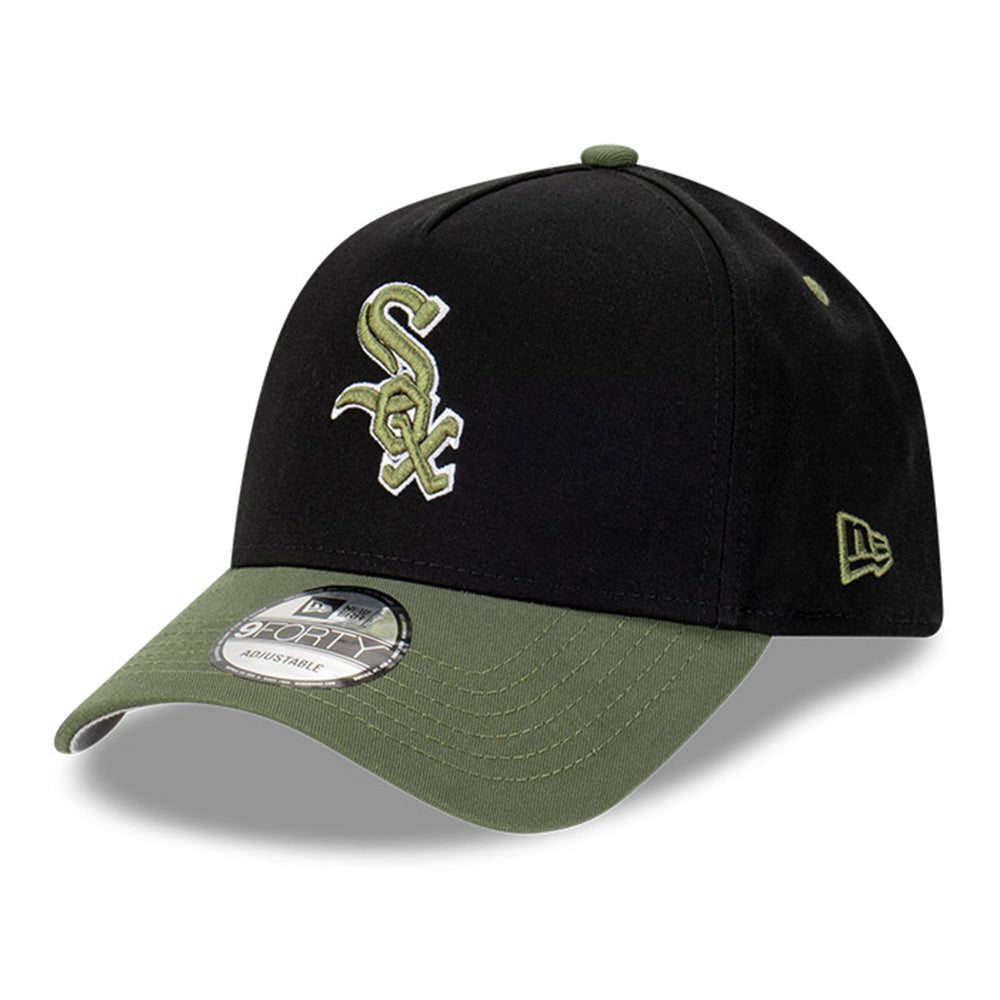 Chicago White Sox MLB Black Olive 2 Black 9FORTY A-Frame Snapback Cap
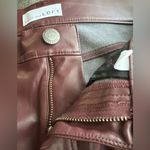 Loft  Women's Boot Cut Leather Jeans - Deep Brown Photo 3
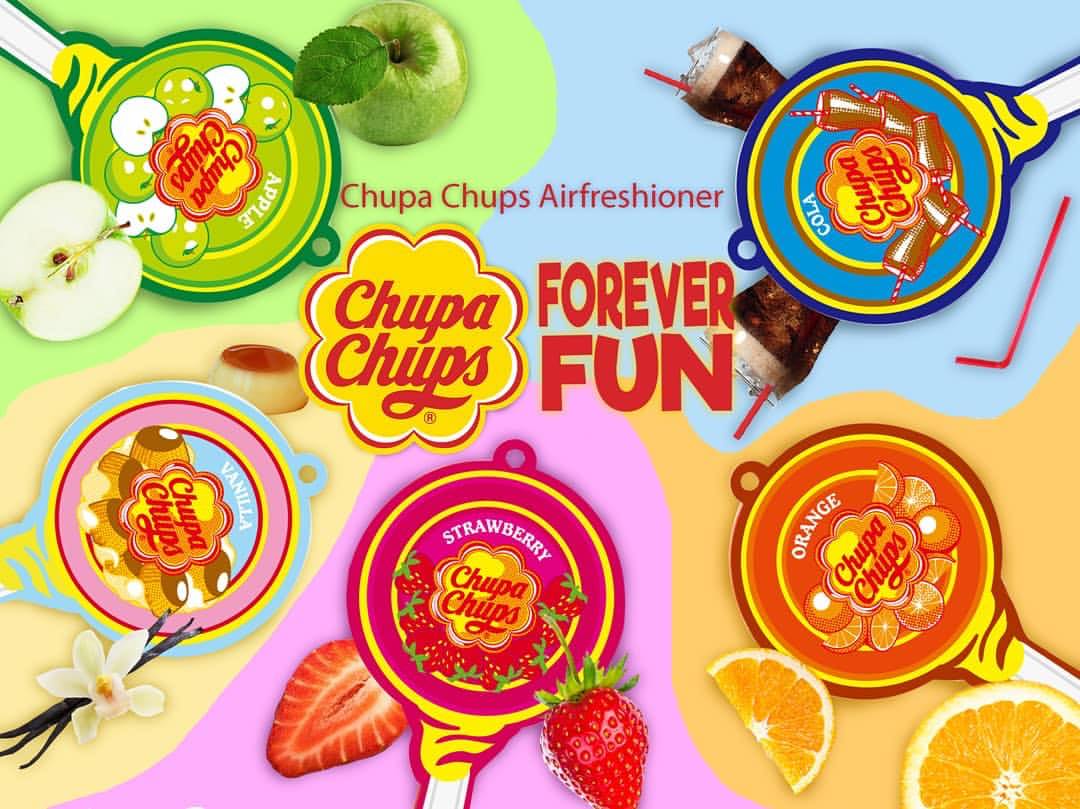 Chupa Chups Air Freshener Paper Air Freshener  แผ่นหอมปรับอากาศ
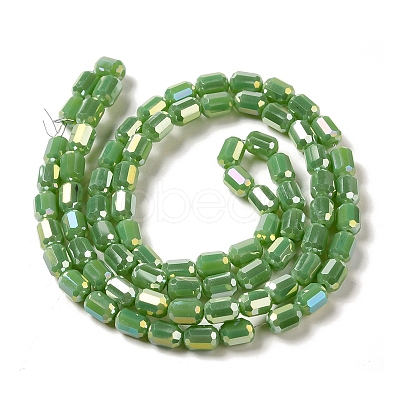 Electroplate Glass Beads Strands EGLA-D031-01-1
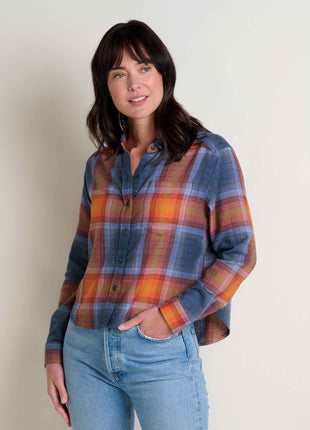 Womens Re-Form Long Sleeve Boxy Flannel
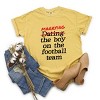 Marrying The Boy On The Football Team - Womens Garment Dyed Tee - 3 of 4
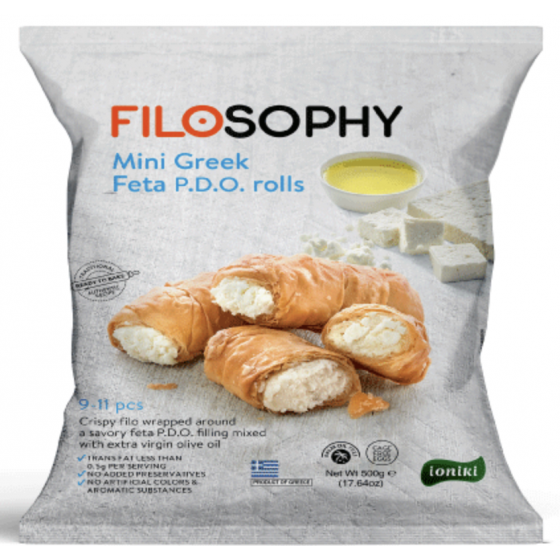 Mini rouleaux feuilletés à la feta PDO - Filosophy - 500 gr
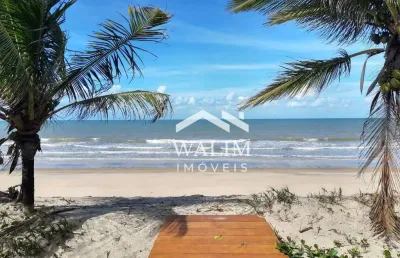 ?? casa pé na areia em alcobaça, sul da bahia – viva ou invista no paraíso!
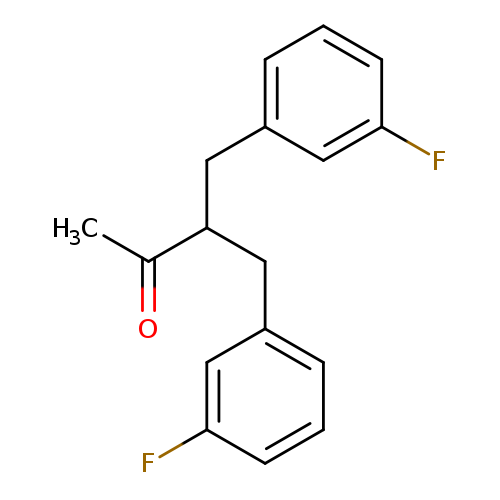4-(3-fluorophenyl)-3-[(3-fluorophenyl)methyl]butan-2-one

____

Reproduce every entry above exactly, and omit the pictures.

> **Task answer**
 Chicago White Sox MLB Black Olive 2 Black 9FORTY A-Frame Snapback Cap
 Loft  Women's Boot Cut Leather Jeans - Deep Brown Photo 3
 Chupa Chups Air Freshener Paper Air Freshener  แผ่นหอมปรับอากาศ
 Electroplate Glass Beads Strands EGLA-D031-01-1
 Womens Re-Form Long Sleeve Boxy Flannel
 Marrying The Boy On The Football Team - Womens Garment Dyed Tee - 3 of 4
 Mini rouleaux feuilletés à la feta PDO - Filosophy - 500 gr
 ?? casa pé na areia em alcobaça, sul da bahia – viva ou invista no paraíso!
4-(3-fluorophenyl)-3-[(3-fluorophenyl)methyl]butan-2-one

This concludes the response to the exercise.